Environmental consultants are often seen as the experts in measuring, tracking and mitigating environmental problems. Think environmental impact assessments (EIA), strategic environmental assessments, ecology, noise, air quality, land and water pollution monitoring, and regulatory compliance. These professionals are grounded in the physical sciences, technical assessments and environmental legislation.

Sustainability consultants are associated with the ‘triple bottom line’ – environmental, social and economic impact. Their focus might include carbon assessments, ESG reporting, corporate sustainability reporting, climate risk, adaptation and resilience, circular economy, net-zero strategies, employee training and green building certifications, such as BREEAM or LEED. Simple, right?

 

Is that the whole picture?

These definitions might seem tidy on paper but, in practice, they increasingly overlap. More importantly, seeing them as separate misses the interconnected nature of today’s challenges – and limits the value we can bring to projects and clients.
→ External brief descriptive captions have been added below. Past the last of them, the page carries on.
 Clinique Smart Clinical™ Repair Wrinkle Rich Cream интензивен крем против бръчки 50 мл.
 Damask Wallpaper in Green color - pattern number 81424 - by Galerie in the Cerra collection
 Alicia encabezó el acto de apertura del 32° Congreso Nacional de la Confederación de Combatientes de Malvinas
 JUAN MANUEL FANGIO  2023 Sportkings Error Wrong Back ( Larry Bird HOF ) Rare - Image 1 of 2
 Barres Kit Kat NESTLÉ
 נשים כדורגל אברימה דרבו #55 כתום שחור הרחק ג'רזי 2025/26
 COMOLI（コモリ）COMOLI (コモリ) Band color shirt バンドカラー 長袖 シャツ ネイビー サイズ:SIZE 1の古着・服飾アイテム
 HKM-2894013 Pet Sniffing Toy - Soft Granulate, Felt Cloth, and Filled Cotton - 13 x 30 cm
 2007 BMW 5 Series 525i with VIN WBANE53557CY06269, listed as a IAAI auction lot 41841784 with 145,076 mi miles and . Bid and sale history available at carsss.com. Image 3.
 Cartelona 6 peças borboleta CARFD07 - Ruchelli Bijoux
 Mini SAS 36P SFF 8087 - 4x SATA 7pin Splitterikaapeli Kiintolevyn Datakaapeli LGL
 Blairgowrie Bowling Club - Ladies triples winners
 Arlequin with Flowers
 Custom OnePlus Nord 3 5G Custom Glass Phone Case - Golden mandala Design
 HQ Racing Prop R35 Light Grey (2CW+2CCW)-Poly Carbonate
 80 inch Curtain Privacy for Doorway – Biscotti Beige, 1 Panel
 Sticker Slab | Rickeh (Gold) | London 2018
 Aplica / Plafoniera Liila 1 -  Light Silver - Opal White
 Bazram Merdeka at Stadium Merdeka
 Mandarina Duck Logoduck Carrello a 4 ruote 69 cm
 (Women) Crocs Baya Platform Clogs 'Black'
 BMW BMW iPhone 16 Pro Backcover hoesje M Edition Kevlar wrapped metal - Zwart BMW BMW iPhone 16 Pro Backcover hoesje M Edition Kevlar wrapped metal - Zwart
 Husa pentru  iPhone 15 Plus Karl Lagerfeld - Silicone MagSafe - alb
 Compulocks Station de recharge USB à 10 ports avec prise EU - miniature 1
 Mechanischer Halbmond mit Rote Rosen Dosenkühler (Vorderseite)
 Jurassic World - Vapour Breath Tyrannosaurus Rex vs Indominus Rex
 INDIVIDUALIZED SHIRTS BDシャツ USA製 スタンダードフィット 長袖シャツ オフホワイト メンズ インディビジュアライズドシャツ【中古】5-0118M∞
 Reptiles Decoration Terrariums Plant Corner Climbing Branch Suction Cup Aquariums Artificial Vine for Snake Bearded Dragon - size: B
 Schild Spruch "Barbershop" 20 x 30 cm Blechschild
Take EIA, for example. It’s arguably the original systems-thinking framework, where coordinators pull together diverse technical disciplines to assess the broader implications of a project. Over the past decade, EIA has evolved to cover far more than environmental risk. It now includes climate change, materials and waste (circular economy), human health, and social impacts – all topics that would traditionally fall under ‘sustainability’. Typically, as it is required as part of the planning process, an EIA must also consider policy, engagement and consultation.

 

"Clients, collaborators and project teams don’t care who ‘owns’ sustainability. Everyone should care about outcomes"

 

In my experience as a lead EIA coordinator, we are also often the specialists advising on sustainability enhancements during the design process, drawing from multiple disciplines to influence better decisions. In many cases, we are acting as sustainability consultants in all but name. And frankly, an EIA that does not consider sustainability as part of the design process is no longer fit for purpose.

Meanwhile, specialists from other angles – mechanical, electrical and plumbing engineers, carbon consultants, circular economy strategists, resilience advisers – are shaping project outcomes in equally critical ways. Their technical knowledge is essential, not just for reducing impact but for future-proofing outcomes.

 

Why does this matter?

I passionately believe that dividing these roles holds us back. Clients, collaborators and project teams don’t care who ‘owns’ sustainability. Everyone should care about outcomes – how to design better, deliver more resilient and compliant projects, and create long-term value for everyone. If we maintain artificial boundaries between environmental and sustainability professionals, we miss opportunities for integration, creativity and systemic solutions.

When we embrace the overlap – and support professionals who straddle both areas – we unlock a more powerful way of working.

 

The path forward

To deliver the best outcomes for projects, clients and the communities they serve, we need:

  • Every team member to see sustainability as part of their role
  • Environmental and sustainability professionals to collaborate more closely – or to be the same person
  • A shift away from narrow labels, and towards systems thinking.

In my experience, the most effective consultants aren’t defined by one title or the other. They are the ones who think across boundaries – connecting disciplines, asking the right questions and keeping the bigger picture in view. Environmental and sustainability consulting don’t belong in separate boxes. The challenges we face are complex, and the best solutions come when we blur the lines, share expertise and work as one team. For clients, this means more integrated advice and smarter outcomes. For consultants, it means greater scope to lead and influence.

And for all of us, it’s a clear message: sustainability isn’t just a specialist’s job – it’s everyone’s responsibility. So next time you’re building a team for a project, as well as ‘What’s their title?’, ask ‘Can they think in systems?’. The best results come from those who see the bigger picture.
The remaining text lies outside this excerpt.